Beşiktaş kongre üyesi ve spor yorumcusu olan Bülent Uslu, ‘Gökçe Futbolist’ dergisinin 3. sayısına röportaj verdi.
Beşiktaş ile ilgili çarpıcı açıklamalarda bulunan Uslu, son dönemlerde Beşiktaş taraftarının sosyal medyada ciddi bir artış sağladığına değindi.
Röportajda şu ifadeler kullanıldı:
“-Bülent Bey, Beşiktaş yönetiminde olmasanız da Beşiktaş’lıların sesi olma noktasında yöneticilerden daha fazla taraftarın gözdesi olmayı nasıl başardınız?
– Sosyal Medyanın gücünü keşfettikten sonra insanların bu mecralardan nasıl algı bombardımanına uğratıldığını anladıktan sonra, Beşiktaş’lılara doğruları aktarmak adına sosyal medyayı daha aktif kullanmaya karar verdim.
– Besiktaş taraftarını bir çok konuda kenetlediğinizi ben yakınen biliyorum.
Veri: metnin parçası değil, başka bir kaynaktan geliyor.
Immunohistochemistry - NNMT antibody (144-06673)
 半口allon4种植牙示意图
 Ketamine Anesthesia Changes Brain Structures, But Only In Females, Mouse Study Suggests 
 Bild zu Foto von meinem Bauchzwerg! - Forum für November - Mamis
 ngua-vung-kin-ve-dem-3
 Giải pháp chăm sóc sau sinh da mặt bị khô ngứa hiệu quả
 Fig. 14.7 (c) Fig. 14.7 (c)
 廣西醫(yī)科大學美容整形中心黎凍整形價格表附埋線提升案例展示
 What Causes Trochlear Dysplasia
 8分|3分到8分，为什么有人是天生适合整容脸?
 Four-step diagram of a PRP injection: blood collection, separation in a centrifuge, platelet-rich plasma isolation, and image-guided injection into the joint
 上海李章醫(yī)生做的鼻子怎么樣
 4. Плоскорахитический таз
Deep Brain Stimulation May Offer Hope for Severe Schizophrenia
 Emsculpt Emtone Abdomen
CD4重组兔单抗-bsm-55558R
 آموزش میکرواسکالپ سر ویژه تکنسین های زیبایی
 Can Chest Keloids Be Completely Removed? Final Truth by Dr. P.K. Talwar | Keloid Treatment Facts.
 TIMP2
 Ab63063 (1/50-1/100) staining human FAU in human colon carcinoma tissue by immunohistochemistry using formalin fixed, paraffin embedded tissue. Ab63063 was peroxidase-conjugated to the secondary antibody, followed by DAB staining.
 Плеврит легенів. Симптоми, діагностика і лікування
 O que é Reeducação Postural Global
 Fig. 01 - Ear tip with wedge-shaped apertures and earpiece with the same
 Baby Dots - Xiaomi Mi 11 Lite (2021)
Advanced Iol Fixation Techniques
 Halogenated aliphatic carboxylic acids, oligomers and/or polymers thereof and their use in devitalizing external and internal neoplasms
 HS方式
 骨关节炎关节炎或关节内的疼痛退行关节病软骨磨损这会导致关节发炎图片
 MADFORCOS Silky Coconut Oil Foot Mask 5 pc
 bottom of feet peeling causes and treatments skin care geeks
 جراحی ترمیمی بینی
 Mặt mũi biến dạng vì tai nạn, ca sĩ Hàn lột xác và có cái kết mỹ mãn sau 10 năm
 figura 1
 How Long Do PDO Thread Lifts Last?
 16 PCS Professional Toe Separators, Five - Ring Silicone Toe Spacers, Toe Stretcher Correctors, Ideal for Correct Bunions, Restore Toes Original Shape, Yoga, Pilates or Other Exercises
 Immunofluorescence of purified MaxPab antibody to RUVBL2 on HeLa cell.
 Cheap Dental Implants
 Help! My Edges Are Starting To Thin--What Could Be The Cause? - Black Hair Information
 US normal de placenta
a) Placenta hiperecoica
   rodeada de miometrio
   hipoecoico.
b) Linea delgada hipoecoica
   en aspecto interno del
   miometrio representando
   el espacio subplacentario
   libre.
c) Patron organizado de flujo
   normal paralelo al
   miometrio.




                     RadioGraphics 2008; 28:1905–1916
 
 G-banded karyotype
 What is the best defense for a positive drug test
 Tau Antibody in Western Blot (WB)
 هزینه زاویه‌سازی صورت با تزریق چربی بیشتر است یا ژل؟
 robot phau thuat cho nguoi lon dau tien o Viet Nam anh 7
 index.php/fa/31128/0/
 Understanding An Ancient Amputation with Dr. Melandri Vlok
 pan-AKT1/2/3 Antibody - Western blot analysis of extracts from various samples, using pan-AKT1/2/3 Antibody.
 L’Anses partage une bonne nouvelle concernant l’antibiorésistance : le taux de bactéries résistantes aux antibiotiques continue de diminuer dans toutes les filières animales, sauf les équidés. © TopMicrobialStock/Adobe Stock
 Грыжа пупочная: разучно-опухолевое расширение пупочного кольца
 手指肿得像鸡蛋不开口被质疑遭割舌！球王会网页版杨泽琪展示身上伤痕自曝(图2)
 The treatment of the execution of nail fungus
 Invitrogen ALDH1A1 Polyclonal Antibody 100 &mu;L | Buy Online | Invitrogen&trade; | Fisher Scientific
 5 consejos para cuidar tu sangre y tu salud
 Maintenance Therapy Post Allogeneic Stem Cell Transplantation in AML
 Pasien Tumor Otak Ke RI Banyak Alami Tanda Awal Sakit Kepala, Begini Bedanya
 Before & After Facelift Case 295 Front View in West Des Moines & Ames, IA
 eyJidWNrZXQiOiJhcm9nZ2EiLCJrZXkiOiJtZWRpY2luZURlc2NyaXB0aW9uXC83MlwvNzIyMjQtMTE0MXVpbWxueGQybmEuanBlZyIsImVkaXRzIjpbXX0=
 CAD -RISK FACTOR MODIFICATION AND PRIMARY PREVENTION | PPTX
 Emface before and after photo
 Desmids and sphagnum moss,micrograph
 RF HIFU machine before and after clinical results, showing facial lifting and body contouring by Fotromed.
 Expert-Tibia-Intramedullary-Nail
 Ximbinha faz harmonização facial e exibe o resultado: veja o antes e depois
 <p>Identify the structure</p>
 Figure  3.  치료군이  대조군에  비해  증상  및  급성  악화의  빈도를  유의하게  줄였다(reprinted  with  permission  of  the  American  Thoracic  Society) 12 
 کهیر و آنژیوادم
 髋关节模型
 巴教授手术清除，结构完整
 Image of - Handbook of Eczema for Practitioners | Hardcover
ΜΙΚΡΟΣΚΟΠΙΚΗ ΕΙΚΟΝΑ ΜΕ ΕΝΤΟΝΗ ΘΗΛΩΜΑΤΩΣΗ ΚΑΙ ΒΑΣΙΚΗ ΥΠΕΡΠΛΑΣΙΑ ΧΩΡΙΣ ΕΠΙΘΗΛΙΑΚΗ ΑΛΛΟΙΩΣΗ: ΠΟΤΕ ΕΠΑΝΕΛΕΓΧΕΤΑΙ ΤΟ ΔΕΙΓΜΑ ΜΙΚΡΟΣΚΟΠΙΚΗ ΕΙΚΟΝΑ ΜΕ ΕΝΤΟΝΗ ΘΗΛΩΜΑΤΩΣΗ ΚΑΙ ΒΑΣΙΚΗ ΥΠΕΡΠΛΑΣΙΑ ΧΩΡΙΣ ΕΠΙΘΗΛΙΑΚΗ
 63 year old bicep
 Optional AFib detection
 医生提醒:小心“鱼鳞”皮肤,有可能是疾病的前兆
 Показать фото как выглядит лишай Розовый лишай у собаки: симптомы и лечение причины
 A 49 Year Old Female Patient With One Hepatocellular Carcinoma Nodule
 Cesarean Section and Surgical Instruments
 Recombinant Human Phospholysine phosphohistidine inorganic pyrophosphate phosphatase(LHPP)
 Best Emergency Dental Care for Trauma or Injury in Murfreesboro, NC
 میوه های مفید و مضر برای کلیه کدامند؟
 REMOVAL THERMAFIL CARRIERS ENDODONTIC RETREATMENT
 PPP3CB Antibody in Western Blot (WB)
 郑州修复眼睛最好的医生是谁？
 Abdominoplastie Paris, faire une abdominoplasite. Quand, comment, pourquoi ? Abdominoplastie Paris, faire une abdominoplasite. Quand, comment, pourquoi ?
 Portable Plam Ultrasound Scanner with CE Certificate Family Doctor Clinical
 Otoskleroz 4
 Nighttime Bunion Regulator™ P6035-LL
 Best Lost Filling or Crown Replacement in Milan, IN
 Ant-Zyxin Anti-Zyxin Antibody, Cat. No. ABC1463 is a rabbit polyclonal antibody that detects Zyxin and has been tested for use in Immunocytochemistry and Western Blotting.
Bunlara örnekler verebilir misiniz?
“Birçok konuda Beşiktaş taraftarı ile birlikte algıları gerçeğe dönüştürdük”
– Birçok konuda Beşiktaş taraftarı ile birlikte algıları gerçeğe dönüştürdük. Ama Ersin Düzen’in Beşiktaşlılardan özür dilemesi, Nazlican Yurt’un Sergen Hocamıza “X Hoca” tabirinden sonra özür dilemek zorunda kalması ve en akılda kalan PAOK macinin şifresiz kanaldan verilmesi için oluşturduğumuz sosyal medya rüzgârı sayesinde maçın açık kanaldan verilmesi konularını örnek olarak gösterebilirim.
-Galatasaray ve Fenerbahçe’nin daha önce gerek medyada gerek sosyal medyada daha fazla konuşulduğunu ve ilgi gördügünü biliyorduk. Fakat Fikret Orman ve Senol Güneş dönemi sampiyonlukları ile özellikle sizin oluşturduğunuz sinerji ile artik Besiktaş da en az rakipleri kadar konuşuluyor bana göre. Sizce hala geride misiniz ? Yoksa bu yeterli mi?
“Son dönemde Beşiktaş takipçilerinde bir artış var”
– Son dönemde bir artış var Beşiktaş takipçilerinde. Fakat bu artişa rağmen takimların resmi sosyal medya sayfalarının takip sayısında Besiktaş hala 3. sırada. O bakimdan bu artışı yeterli görmüyorum. Bu alanda Besiktaş birinci sıraya çıkarana kadar çalışmalara devam. Bakın burada yeri gelmişken bir konuyu da vurgulamak istiyorum. Sosyal medyada kalıcı olabilmek için renkli paylaşımların yanında, hakkın ve haklının yanında olmak, dogrularin pesinden koşmak ve bu doğrular yazarken karsı tarafı da rencide edecek şeyler yapmadan bunu yapmak gerekiyor. Sayfalar sırf dikkat çekmek adına küfrü çağrıştıran, hatırlatan ifadelerle yorumlar yapınca içlerinin boş olduğunu anlayan kitleler tarafindan terkedildiler ve silinip gittiler. Biz ise doğruları ilgi çekici bir üslupla karşı tarafı iğneleyici ama asla hakaret etmeden yorumlarımızı yapıyoruz.”